= Data supplied =
━━━━━━━━━━

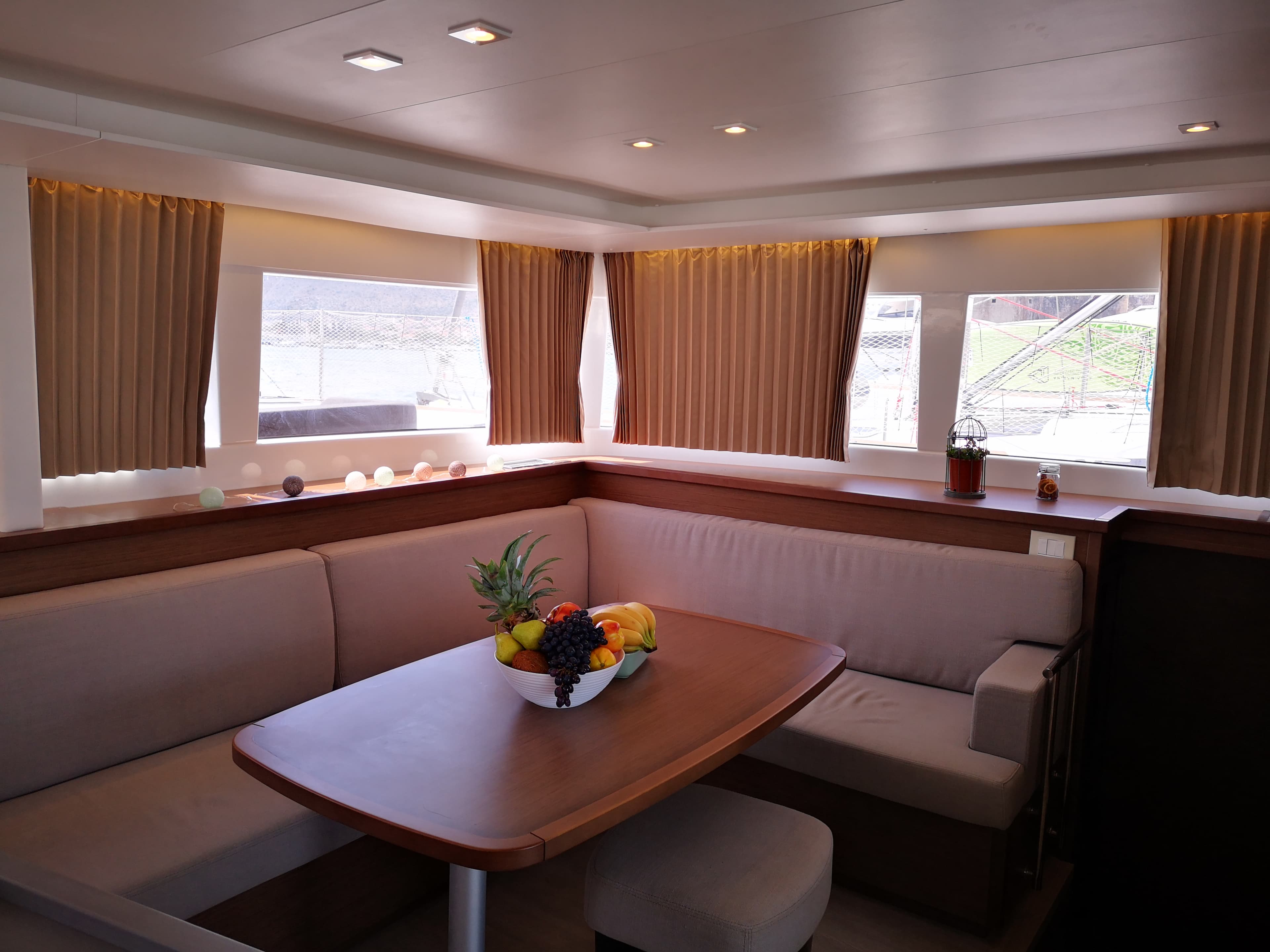 Lagoon 450 Fly - photo 13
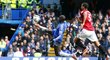 Útočník Chelsea Demba Ba právě střílí gól do sítě Manchesteru Uníted v opakovaném čtvrtfinále FA Cupu. Chelsea vyhrála 1:0 a postoupila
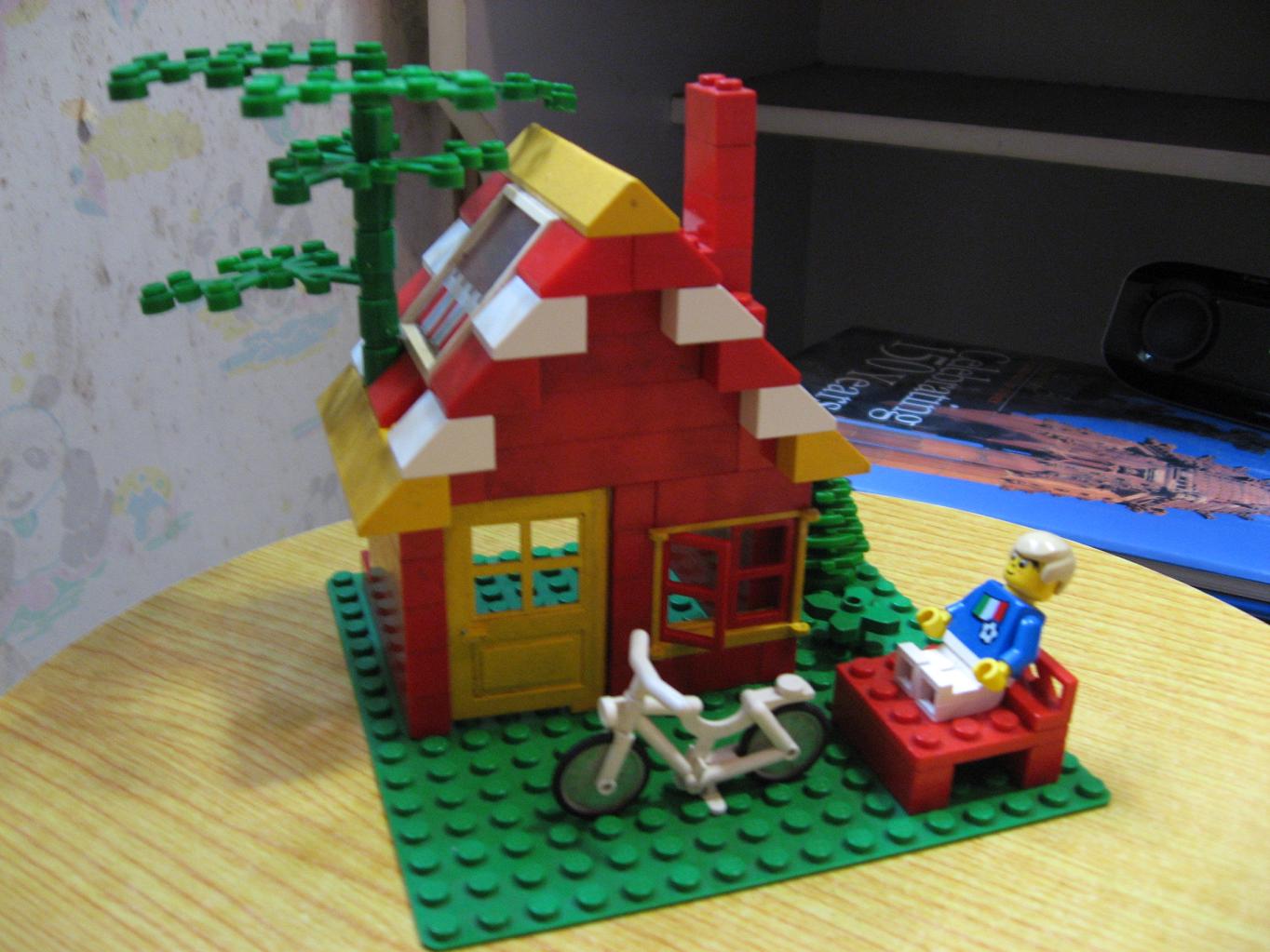 small_red_house1.jpg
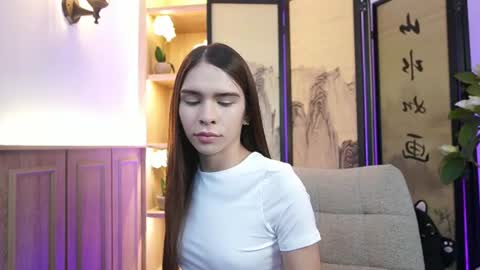 Alina Bennet online show from 07/09/26, 11:36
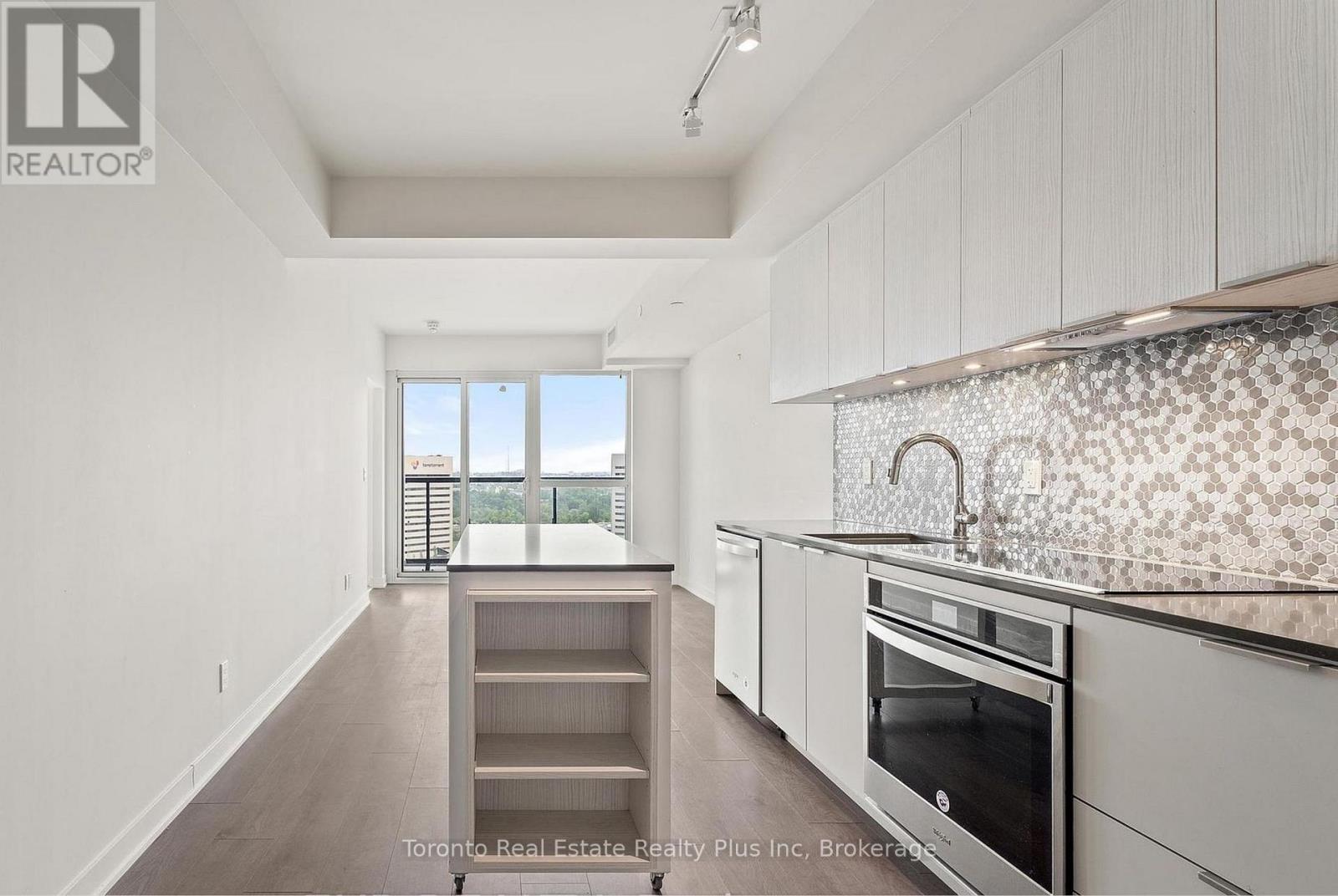 1705 - 2 Sonic Way, Toronto, Ontario  M3C 0P2 - Photo 25 - C12385930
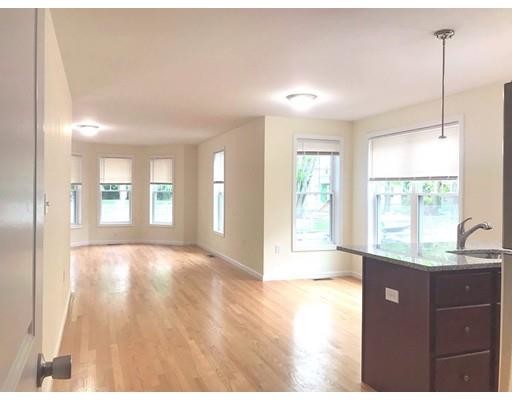 Building Photo - 7-15-17 Callender St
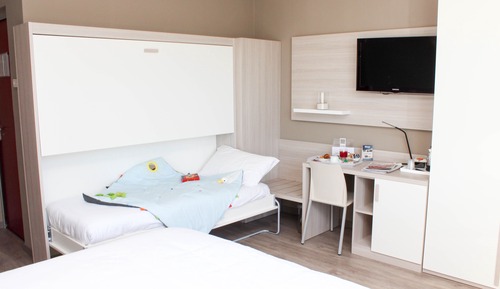 Habitación con 2 camas individuales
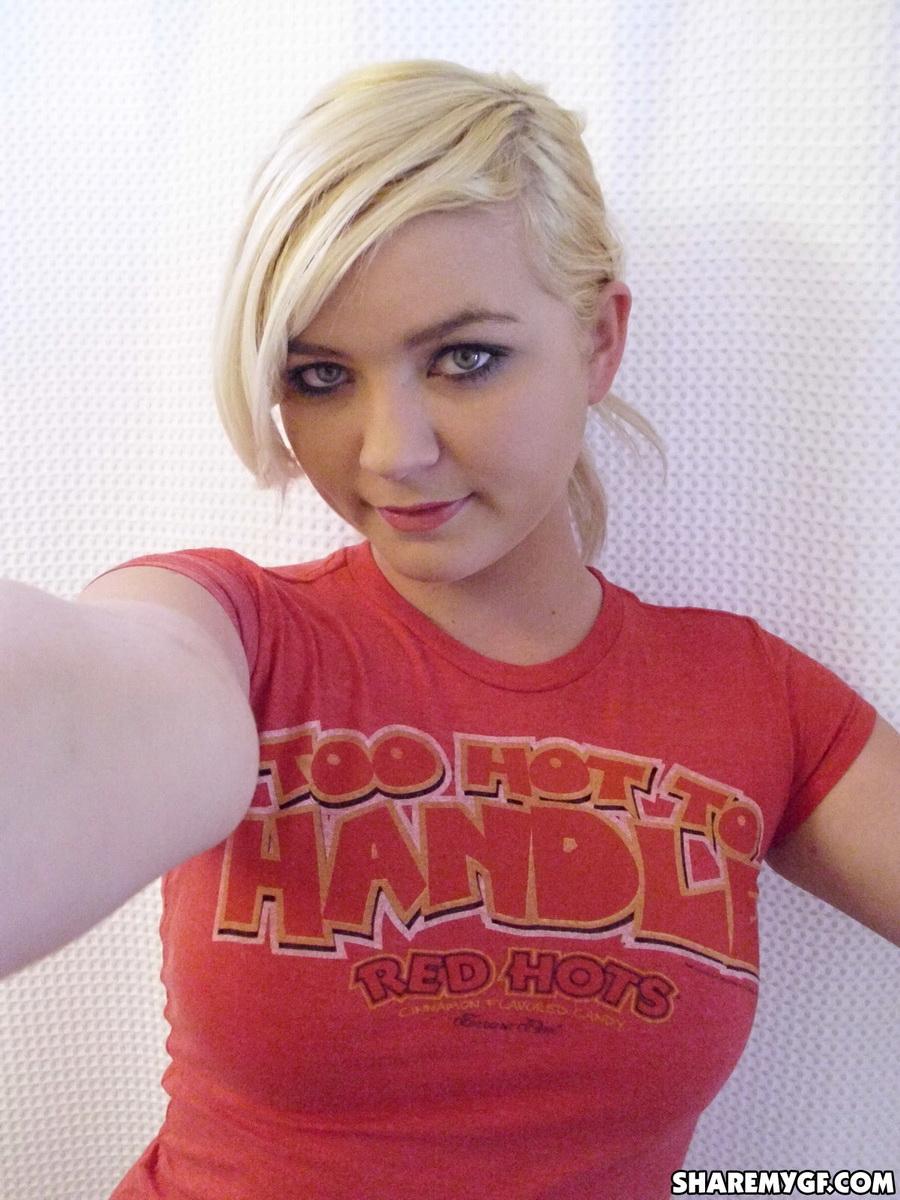 Heiße blonde gf nimmt selfies von ihrem atemberaubenden Körper im Badezimmer
 #60795521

━━━━━━━━━━

= Work request =
Retype exactly the lines from the line containing "Útočník Chelsea Demba" through the end of the entries above, including both ends, and leave every picture out.

= Response area =
 Útočník Chelsea Demba Ba právě střílí gól do sítě Manchesteru Uníted v opakovaném čtvrtfinále FA Cupu. Chelsea vyhrála 1:0 a postoupila
 small_red_house1.jpg
 Alina Bennet online show from 07/09/26, 11:36
 1705 - 2 Sonic Way, Toronto, Ontario  M3C 0P2 - Photo 25 - C12385930
 Building Photo - 7-15-17 Callender St
 Habitación con 2 camas individuales
 Heiße blonde gf nimmt selfies von ihrem atemberaubenden Körper im Badezimmer
 #60795521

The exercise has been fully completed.